→ **What you need to do**
Set the whole listing down again, word for word, with no pictures.
----
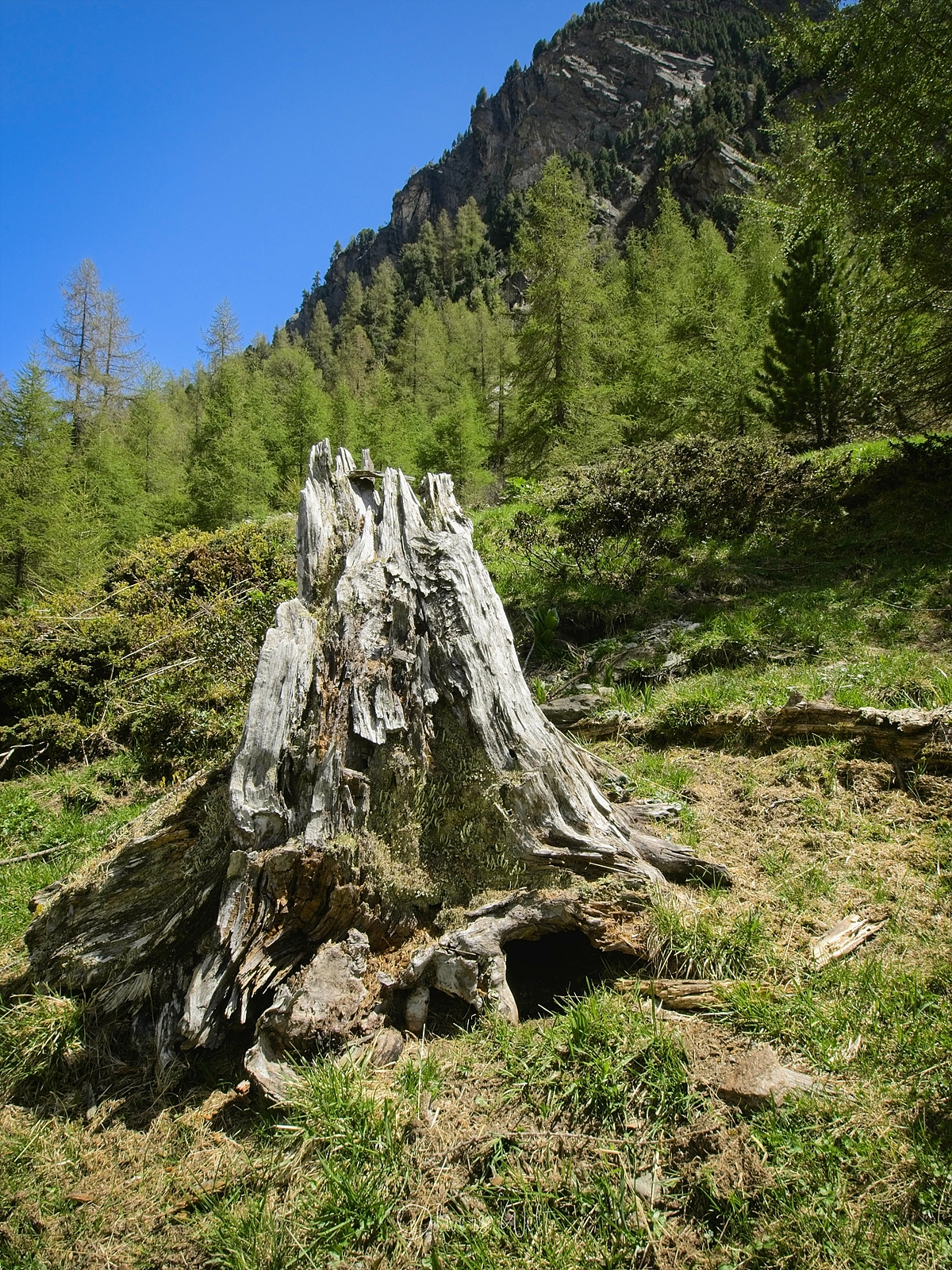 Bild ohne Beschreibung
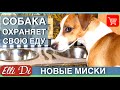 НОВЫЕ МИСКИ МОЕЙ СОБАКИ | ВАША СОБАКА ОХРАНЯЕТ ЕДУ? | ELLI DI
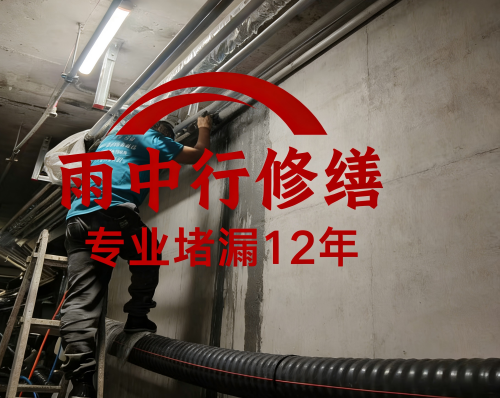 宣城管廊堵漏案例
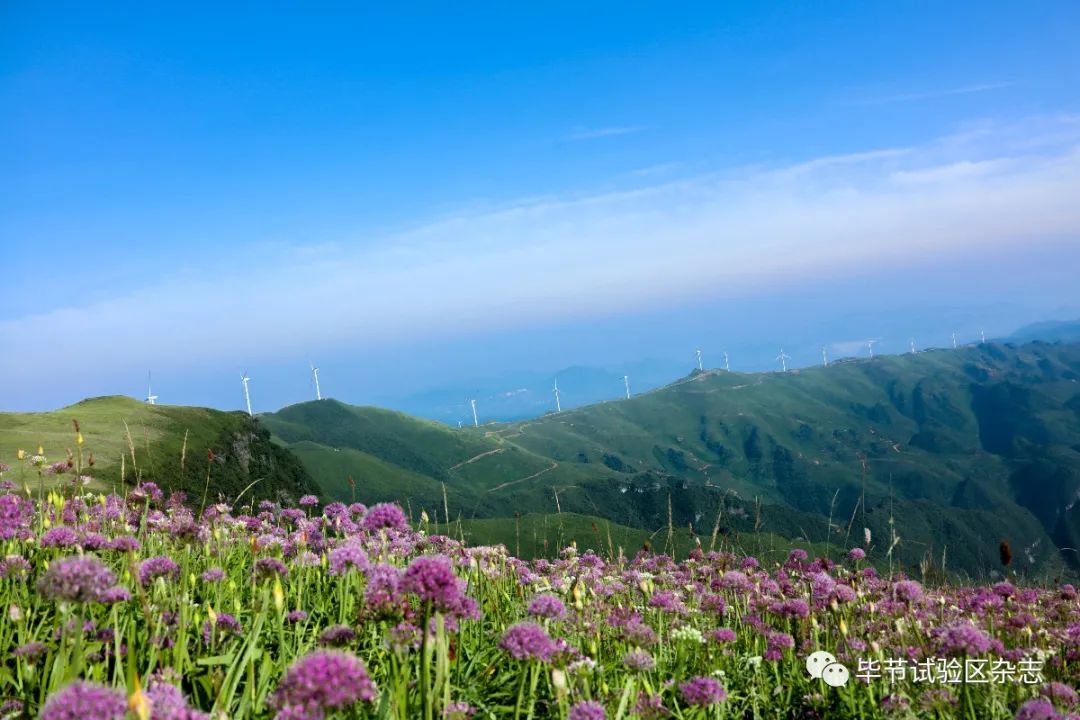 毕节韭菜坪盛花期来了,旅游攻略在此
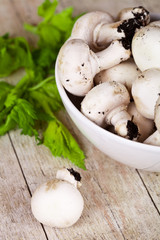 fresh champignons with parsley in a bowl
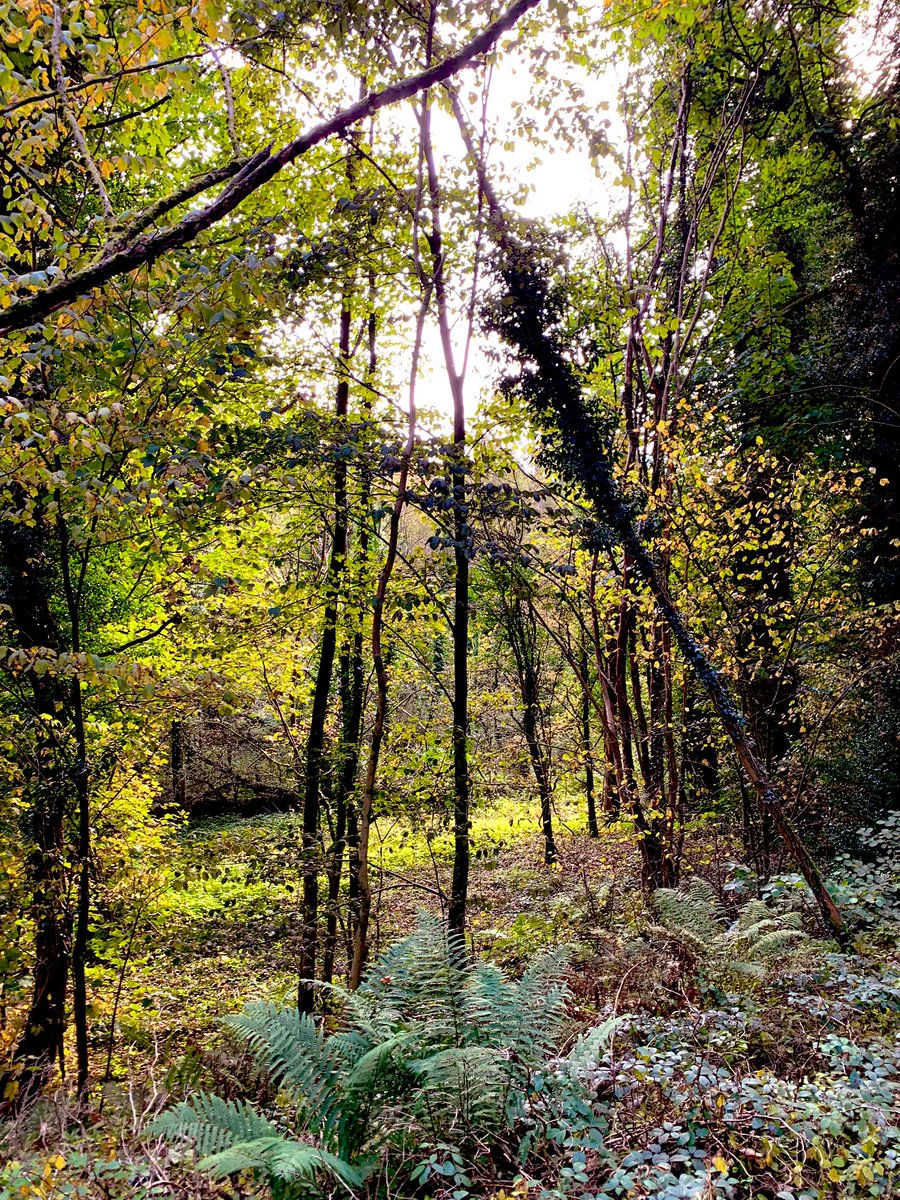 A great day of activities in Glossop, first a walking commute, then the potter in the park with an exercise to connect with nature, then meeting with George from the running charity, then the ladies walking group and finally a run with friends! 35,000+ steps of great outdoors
----
→ **Response to the task**
 Bild ohne Beschreibung
 НОВЫЕ МИСКИ МОЕЙ СОБАКИ | ВАША СОБАКА ОХРАНЯЕТ ЕДУ? | ELLI DI
 宣城管廊堵漏案例
 毕节韭菜坪盛花期来了,旅游攻略在此
 fresh champignons with parsley in a bowl
 A great day of activities in Glossop, first a walking commute, then the potter in the park with an exercise to connect with nature, then meeting with George from the running charity, then the ladies walking group and finally a run with friends! 35,000+ steps of great outdoors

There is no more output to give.